I’ve lamented on the last couple episodes of my podcast with friends that I have several gigabytes of text and picture messages stored on my iPhone.

If Apple were to offer to include your text message history in iCloud–without it counting against your storage limits–how would that make you feel? Would you be happy? Scared? Impressed? Depressed?

What if Google offered the same thing? Would that change your feelings? If so, how?

The weird thing is that I think they are already storing this information. When I open my MBP after a few days of sending images and texts over iMessage, everything locks up while the Messages app tries to download all of it. It has to be downloading this from Apple, not from my phone, so they do have some kind of record of my iMessages. Perhaps it is incomplete? Or so unreliable they don't want to use it as a backup?
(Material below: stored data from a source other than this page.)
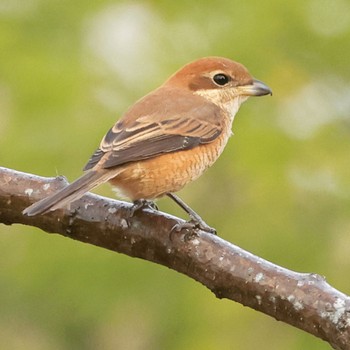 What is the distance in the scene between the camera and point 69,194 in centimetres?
390

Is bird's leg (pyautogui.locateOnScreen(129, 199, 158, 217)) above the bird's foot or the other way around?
the other way around

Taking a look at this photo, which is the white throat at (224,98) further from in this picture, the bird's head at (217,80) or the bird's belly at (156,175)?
the bird's belly at (156,175)

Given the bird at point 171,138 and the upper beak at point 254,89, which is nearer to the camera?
the bird at point 171,138

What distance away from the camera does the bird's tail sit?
3.69 m

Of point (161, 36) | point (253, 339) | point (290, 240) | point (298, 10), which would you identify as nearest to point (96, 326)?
point (253, 339)

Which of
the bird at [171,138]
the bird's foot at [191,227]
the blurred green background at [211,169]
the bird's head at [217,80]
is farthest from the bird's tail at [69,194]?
the blurred green background at [211,169]

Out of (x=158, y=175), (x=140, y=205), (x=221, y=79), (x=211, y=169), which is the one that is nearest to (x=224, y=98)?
(x=221, y=79)

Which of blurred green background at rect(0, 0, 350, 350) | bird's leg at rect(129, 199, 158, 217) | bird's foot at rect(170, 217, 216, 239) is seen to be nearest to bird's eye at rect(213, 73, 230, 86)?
blurred green background at rect(0, 0, 350, 350)

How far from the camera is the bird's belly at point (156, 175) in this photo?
451 centimetres

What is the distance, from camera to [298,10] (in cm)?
624

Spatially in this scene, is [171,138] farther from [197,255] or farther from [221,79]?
[197,255]

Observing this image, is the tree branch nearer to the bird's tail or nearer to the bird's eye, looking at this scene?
the bird's tail

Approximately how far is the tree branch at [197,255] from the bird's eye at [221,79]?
1.40 meters

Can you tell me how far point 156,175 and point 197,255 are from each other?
87 centimetres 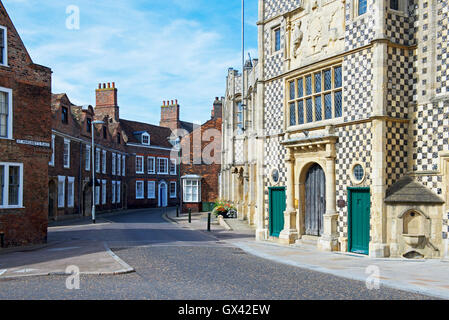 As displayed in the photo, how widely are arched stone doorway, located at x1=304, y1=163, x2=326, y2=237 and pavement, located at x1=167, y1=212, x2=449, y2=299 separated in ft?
2.60

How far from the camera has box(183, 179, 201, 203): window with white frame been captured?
4656 centimetres

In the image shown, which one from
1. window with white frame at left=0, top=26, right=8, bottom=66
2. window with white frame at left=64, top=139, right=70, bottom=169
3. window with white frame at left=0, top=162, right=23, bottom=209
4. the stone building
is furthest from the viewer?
the stone building

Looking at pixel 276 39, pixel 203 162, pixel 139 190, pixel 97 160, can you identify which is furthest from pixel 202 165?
pixel 276 39

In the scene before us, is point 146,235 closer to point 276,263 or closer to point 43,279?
point 276,263

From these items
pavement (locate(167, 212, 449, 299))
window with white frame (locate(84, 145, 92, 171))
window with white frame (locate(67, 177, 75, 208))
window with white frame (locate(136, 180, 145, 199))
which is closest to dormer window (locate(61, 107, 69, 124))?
window with white frame (locate(67, 177, 75, 208))

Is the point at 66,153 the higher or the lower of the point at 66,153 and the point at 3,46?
the lower

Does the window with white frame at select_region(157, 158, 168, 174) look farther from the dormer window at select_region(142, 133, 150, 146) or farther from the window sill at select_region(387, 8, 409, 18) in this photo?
the window sill at select_region(387, 8, 409, 18)

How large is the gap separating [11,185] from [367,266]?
1338cm

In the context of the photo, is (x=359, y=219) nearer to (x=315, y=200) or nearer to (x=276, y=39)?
(x=315, y=200)

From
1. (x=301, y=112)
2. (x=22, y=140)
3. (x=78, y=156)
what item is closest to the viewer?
(x=22, y=140)

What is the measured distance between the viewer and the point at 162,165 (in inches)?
2484

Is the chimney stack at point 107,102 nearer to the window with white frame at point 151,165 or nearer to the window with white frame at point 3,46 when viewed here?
the window with white frame at point 151,165

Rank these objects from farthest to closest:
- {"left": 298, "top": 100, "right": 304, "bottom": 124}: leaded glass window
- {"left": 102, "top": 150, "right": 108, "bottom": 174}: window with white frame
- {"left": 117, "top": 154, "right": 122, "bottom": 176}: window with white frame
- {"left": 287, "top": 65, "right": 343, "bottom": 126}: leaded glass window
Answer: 1. {"left": 117, "top": 154, "right": 122, "bottom": 176}: window with white frame
2. {"left": 102, "top": 150, "right": 108, "bottom": 174}: window with white frame
3. {"left": 298, "top": 100, "right": 304, "bottom": 124}: leaded glass window
4. {"left": 287, "top": 65, "right": 343, "bottom": 126}: leaded glass window

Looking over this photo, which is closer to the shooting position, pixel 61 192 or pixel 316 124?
pixel 316 124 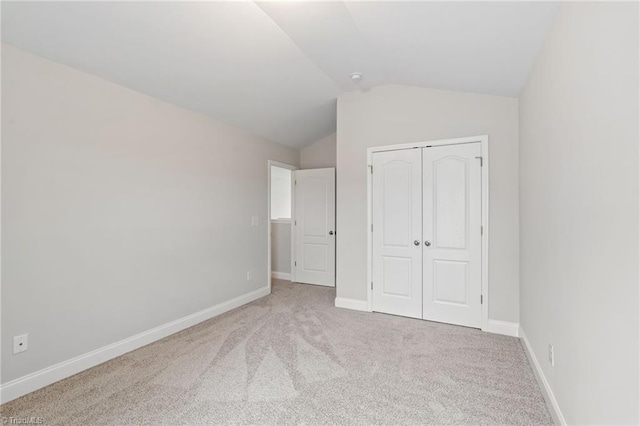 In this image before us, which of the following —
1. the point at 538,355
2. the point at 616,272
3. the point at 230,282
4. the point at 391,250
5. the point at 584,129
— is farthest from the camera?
the point at 230,282

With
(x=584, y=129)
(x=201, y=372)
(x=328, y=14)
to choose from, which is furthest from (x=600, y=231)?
(x=201, y=372)

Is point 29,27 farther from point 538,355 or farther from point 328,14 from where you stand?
point 538,355

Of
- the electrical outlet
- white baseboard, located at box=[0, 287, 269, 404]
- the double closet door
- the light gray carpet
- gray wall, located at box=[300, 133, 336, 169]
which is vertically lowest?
the light gray carpet

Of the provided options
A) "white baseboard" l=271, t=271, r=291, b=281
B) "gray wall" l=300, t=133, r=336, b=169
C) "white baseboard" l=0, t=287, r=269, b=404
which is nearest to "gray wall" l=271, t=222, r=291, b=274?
"white baseboard" l=271, t=271, r=291, b=281

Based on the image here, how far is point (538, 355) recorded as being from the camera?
228 centimetres

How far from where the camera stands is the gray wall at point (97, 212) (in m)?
2.09

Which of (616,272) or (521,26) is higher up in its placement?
(521,26)

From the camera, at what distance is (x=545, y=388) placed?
201 cm

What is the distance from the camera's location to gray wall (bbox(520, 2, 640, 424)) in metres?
1.05

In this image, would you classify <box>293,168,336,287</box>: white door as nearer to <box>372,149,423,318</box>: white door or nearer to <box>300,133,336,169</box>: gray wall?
<box>300,133,336,169</box>: gray wall

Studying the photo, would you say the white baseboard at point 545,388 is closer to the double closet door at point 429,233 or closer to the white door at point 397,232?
the double closet door at point 429,233

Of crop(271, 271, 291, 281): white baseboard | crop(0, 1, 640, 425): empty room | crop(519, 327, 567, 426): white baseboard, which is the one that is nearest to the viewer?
crop(0, 1, 640, 425): empty room

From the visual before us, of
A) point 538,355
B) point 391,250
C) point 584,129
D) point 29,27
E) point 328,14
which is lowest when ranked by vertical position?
point 538,355

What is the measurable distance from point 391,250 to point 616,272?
102 inches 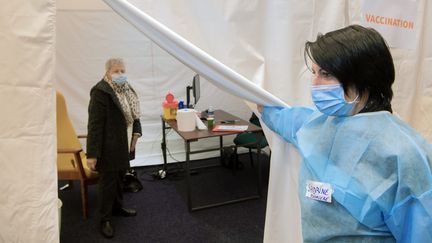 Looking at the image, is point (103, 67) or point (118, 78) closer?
point (118, 78)

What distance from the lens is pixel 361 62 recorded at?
858 millimetres

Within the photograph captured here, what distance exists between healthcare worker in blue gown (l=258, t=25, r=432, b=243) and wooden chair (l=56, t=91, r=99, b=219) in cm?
204

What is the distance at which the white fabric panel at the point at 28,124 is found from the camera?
0.93m

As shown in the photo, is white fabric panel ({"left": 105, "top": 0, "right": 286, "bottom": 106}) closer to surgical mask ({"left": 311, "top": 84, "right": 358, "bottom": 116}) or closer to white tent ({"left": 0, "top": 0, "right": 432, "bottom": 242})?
white tent ({"left": 0, "top": 0, "right": 432, "bottom": 242})

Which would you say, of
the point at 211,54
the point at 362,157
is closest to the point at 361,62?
the point at 362,157

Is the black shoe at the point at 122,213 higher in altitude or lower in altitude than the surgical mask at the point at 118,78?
lower

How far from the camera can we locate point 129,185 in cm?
321

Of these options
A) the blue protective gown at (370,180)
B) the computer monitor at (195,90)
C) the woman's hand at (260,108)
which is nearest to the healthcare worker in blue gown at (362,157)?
the blue protective gown at (370,180)

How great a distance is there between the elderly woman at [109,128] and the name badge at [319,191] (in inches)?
61.6

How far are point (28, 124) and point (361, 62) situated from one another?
1.00 m

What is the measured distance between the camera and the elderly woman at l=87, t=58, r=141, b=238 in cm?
213

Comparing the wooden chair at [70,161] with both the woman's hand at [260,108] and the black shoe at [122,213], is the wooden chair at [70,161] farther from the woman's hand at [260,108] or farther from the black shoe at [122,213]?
the woman's hand at [260,108]

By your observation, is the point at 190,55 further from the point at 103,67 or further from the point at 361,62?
the point at 103,67

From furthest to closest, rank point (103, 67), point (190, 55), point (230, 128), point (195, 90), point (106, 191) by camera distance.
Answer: point (103, 67)
point (195, 90)
point (230, 128)
point (106, 191)
point (190, 55) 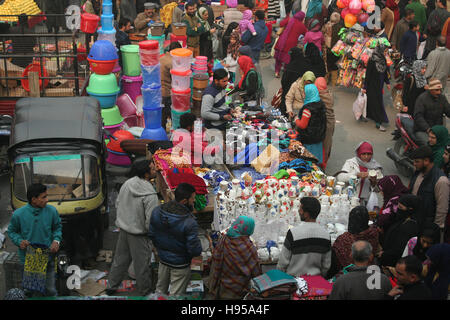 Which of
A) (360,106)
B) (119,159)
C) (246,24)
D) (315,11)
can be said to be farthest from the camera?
(315,11)

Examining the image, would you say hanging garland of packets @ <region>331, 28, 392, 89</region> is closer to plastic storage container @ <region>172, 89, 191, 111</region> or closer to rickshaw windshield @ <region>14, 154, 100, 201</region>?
plastic storage container @ <region>172, 89, 191, 111</region>

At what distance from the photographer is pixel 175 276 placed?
6234 mm

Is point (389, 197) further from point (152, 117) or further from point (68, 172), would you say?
point (152, 117)

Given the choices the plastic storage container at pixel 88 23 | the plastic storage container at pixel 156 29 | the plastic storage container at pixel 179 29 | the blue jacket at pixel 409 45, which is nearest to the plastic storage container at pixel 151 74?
the plastic storage container at pixel 88 23

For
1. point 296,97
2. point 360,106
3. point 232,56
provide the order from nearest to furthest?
point 296,97
point 360,106
point 232,56

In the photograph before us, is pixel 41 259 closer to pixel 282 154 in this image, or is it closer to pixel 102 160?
pixel 102 160

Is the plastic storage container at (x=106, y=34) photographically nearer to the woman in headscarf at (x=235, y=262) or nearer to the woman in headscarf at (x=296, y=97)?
the woman in headscarf at (x=296, y=97)

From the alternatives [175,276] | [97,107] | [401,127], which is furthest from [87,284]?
[401,127]

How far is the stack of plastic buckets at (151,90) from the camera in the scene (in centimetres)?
966

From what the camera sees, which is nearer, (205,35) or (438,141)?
(438,141)

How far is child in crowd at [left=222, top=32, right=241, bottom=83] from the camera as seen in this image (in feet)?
41.7

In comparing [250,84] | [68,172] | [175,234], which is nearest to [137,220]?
[175,234]

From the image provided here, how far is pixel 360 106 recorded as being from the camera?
12242 mm

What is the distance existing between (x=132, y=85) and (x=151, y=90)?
119 centimetres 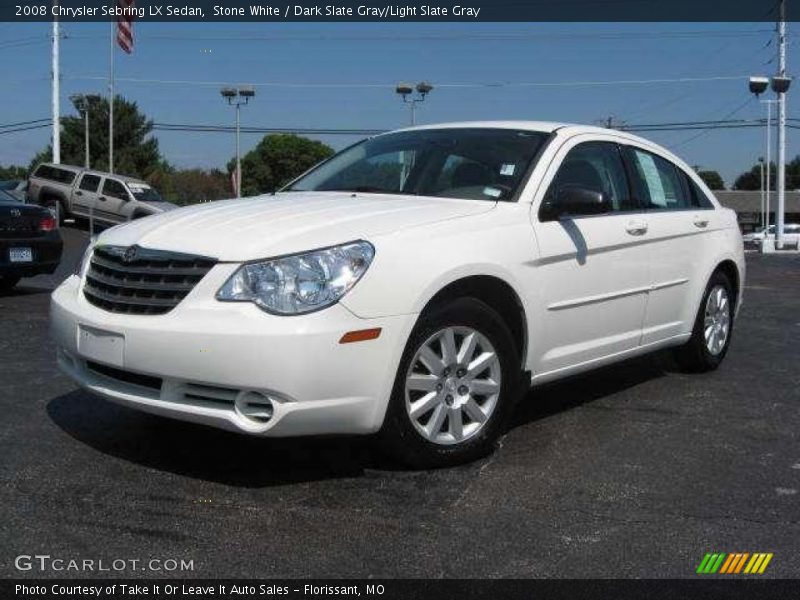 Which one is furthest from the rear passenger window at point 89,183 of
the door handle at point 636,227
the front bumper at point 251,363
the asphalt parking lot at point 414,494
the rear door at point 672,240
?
the front bumper at point 251,363

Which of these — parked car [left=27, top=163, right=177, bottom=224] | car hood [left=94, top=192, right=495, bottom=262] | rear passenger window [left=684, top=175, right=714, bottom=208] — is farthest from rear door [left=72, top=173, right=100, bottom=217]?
car hood [left=94, top=192, right=495, bottom=262]

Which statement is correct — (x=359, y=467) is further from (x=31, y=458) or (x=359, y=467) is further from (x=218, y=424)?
(x=31, y=458)

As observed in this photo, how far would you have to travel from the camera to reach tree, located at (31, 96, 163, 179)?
6669 centimetres

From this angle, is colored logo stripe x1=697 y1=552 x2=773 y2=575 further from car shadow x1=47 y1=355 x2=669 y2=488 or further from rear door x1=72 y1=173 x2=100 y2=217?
rear door x1=72 y1=173 x2=100 y2=217

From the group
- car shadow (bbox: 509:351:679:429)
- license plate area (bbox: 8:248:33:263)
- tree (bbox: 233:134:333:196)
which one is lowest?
car shadow (bbox: 509:351:679:429)

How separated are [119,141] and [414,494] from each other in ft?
224

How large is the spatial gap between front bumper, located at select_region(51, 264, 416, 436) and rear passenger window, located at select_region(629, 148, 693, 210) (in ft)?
7.65

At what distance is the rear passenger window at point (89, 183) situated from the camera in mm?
25297

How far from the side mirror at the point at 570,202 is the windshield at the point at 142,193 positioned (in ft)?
73.6

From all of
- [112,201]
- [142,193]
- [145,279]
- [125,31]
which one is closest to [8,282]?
[145,279]

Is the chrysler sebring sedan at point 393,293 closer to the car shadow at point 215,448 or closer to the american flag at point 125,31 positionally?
the car shadow at point 215,448

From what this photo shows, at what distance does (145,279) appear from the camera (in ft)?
11.9

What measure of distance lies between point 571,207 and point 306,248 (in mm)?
1529

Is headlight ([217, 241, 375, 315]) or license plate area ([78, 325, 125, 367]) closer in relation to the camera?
headlight ([217, 241, 375, 315]) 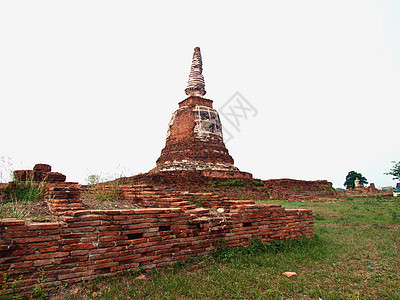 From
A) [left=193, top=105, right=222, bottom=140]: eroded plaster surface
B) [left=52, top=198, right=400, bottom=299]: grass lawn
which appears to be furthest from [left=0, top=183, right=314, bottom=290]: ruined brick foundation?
[left=193, top=105, right=222, bottom=140]: eroded plaster surface

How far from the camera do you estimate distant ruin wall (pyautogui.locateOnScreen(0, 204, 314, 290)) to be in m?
2.72

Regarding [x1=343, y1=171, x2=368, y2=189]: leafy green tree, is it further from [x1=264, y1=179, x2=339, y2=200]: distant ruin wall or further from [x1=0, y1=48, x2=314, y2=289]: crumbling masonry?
[x1=0, y1=48, x2=314, y2=289]: crumbling masonry

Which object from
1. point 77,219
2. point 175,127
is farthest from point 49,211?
point 175,127

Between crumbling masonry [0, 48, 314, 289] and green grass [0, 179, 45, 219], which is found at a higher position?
green grass [0, 179, 45, 219]

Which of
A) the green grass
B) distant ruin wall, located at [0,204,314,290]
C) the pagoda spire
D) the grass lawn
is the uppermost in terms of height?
the pagoda spire

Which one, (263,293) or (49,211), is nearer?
(263,293)

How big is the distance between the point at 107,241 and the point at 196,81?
16967 mm

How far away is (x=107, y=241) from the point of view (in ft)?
10.5

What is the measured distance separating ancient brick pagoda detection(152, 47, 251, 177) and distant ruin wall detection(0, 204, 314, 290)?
1063 cm

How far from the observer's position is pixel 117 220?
130 inches

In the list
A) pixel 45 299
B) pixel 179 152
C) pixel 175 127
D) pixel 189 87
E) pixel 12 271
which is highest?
pixel 189 87

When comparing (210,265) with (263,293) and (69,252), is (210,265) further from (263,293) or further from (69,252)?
(69,252)

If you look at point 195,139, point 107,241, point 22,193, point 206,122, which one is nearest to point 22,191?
point 22,193

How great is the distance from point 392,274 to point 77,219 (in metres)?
4.08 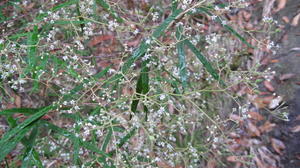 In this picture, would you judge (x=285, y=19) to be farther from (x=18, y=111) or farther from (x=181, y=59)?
(x=18, y=111)

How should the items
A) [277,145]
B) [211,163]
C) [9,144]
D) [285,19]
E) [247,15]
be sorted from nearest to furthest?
1. [9,144]
2. [211,163]
3. [277,145]
4. [285,19]
5. [247,15]

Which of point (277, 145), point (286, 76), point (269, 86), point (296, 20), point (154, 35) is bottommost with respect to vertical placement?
point (277, 145)

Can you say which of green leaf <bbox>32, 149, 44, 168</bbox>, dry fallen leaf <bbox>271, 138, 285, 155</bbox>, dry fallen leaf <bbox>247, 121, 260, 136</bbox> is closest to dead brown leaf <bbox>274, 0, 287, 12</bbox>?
dry fallen leaf <bbox>247, 121, 260, 136</bbox>

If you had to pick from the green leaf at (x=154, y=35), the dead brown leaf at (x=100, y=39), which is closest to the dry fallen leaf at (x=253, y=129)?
the dead brown leaf at (x=100, y=39)

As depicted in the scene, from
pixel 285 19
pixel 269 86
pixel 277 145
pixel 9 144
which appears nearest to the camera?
pixel 9 144

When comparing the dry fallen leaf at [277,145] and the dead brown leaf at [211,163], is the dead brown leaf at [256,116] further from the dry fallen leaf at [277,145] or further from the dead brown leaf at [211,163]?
the dead brown leaf at [211,163]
Of course that is only iMessages, not the totality of my communiques. It may be the case that they don't want to be responsible for collecting and storing SMS and MMS data. With iMessage, both users have consented to Apple's iMessage policies.

Does Apple want to send out this disclaimer when an iPhone customer sends a SMS to an Android customer?

This conversation is being stored remotely.

Could you picture the headlines about that legal disclaimer?

Keep in mind that those conversations are already stored by the user, and backed up, but the unit of backup is your phone, not a server-side log.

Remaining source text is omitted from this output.